REQUIRED ACTION
A faithful transcript of every entry is required; pictures do not belong in it.

* * *

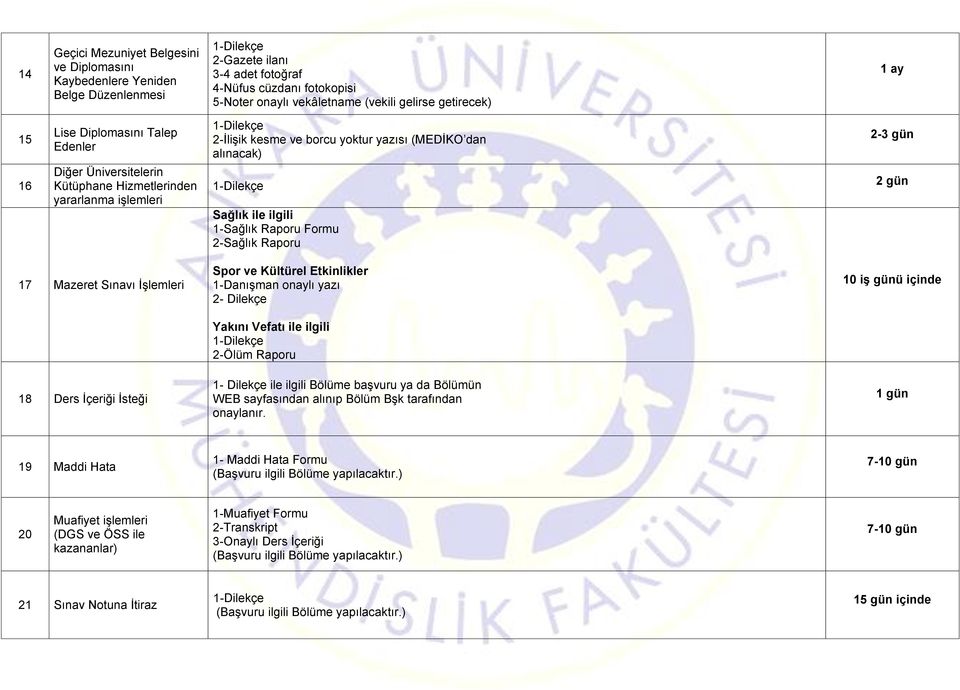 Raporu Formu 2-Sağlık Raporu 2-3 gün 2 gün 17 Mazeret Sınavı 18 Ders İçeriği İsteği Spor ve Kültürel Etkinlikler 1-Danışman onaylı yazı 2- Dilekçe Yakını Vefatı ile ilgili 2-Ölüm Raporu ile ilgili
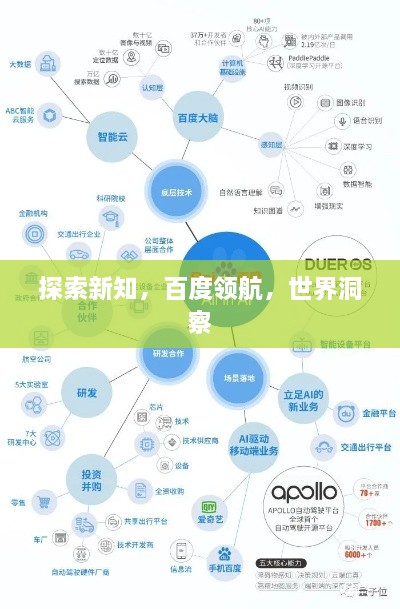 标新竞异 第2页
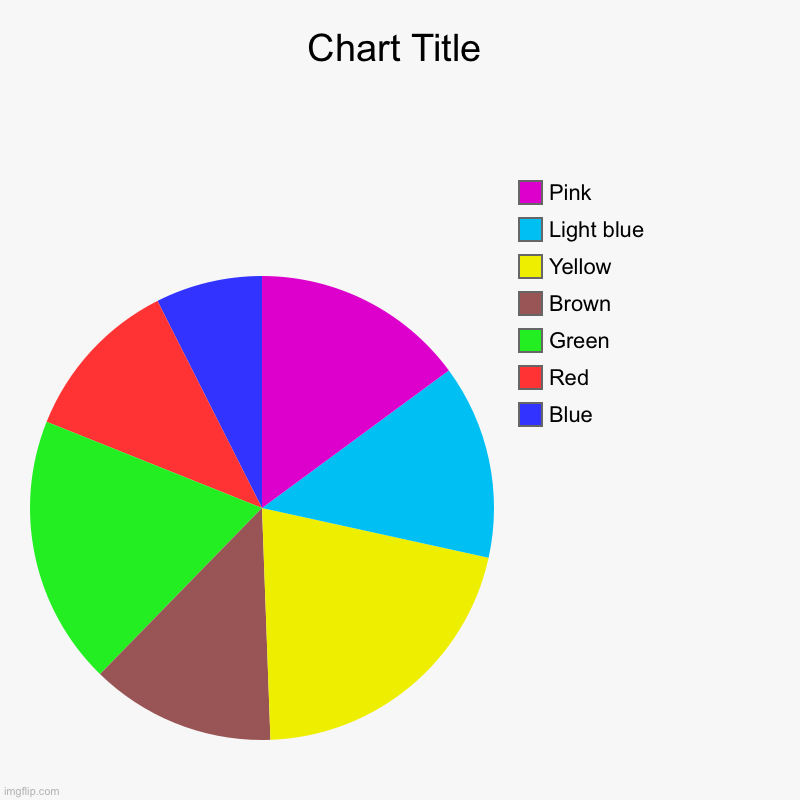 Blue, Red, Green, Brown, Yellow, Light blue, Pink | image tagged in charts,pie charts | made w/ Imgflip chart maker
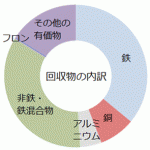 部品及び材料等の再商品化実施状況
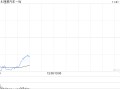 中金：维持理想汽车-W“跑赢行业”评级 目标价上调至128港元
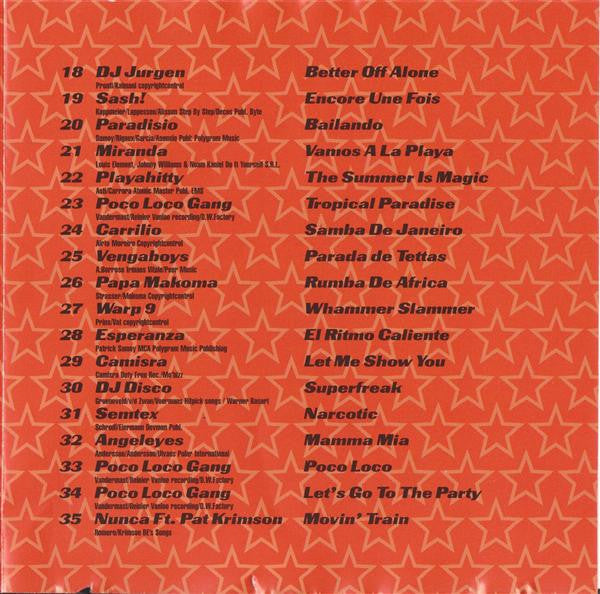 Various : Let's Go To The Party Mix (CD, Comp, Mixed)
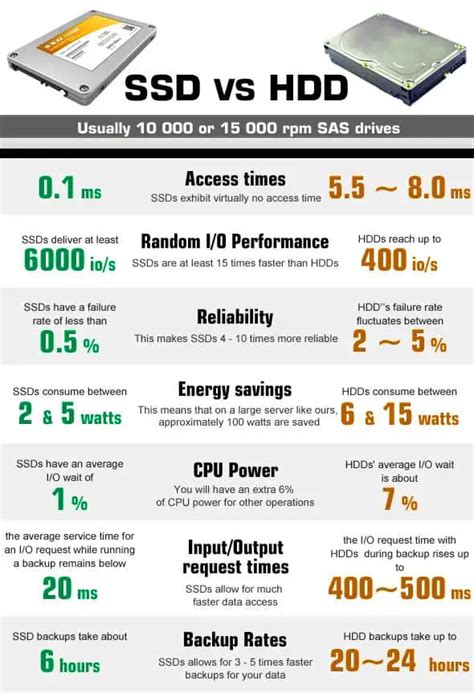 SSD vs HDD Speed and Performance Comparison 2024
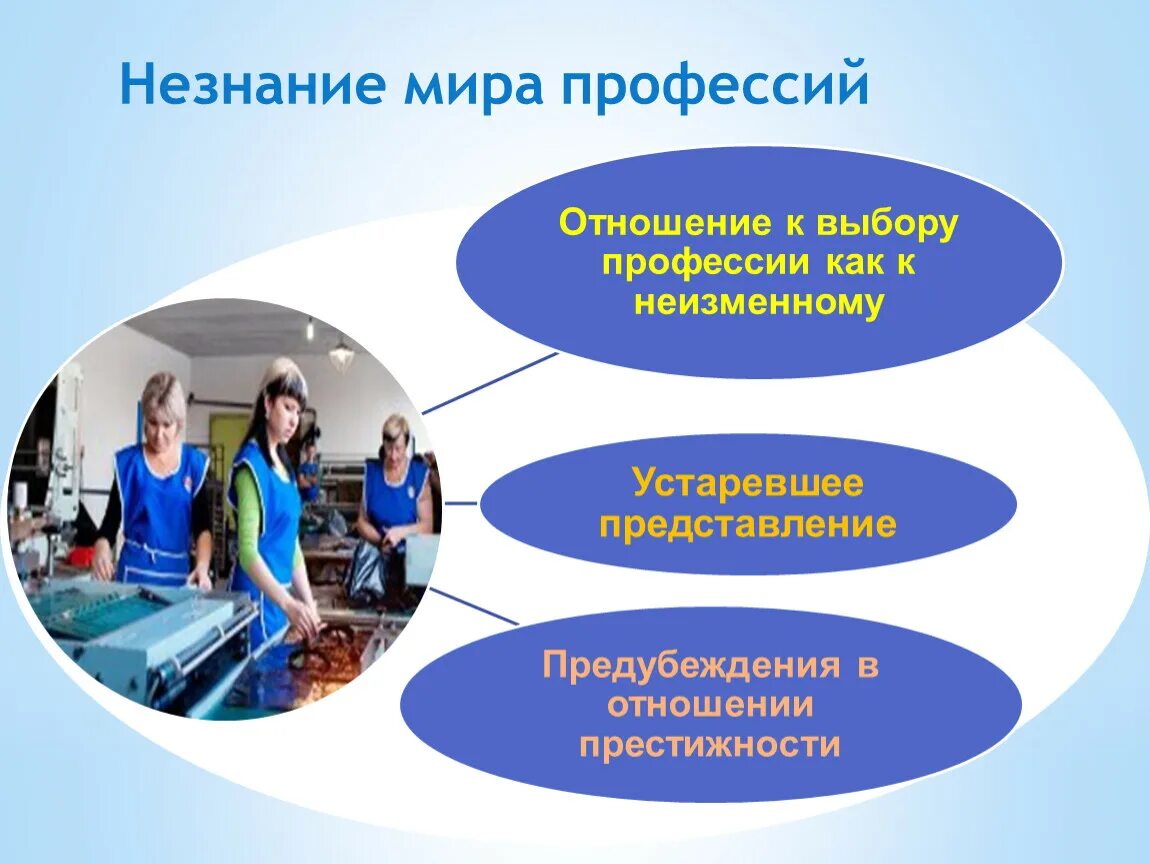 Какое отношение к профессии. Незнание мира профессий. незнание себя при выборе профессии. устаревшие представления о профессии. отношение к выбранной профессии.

* * *

TASK OUTPUT
 Raporu Formu 2-Sağlık Raporu 2-3 gün 2 gün 17 Mazeret Sınavı 18 Ders İçeriği İsteği Spor ve Kültürel Etkinlikler 1-Danışman onaylı yazı 2- Dilekçe Yakını Vefatı ile ilgili 2-Ölüm Raporu ile ilgili
 标新竞异 第2页
 Blue, Red, Green, Brown, Yellow, Light blue, Pink | image tagged in charts,pie charts | made w/ Imgflip chart maker
 部品及び材料等の再商品化実施状況
 中金：维持理想汽车-W“跑赢行业”评级 目标价上调至128港元
 Various : Let's Go To The Party Mix (CD, Comp, Mixed)
 SSD vs HDD Speed and Performance Comparison 2024
 Какое отношение к профессии. Незнание мира профессий. незнание себя при выборе профессии. устаревшие представления о профессии. отношение к выбранной профессии.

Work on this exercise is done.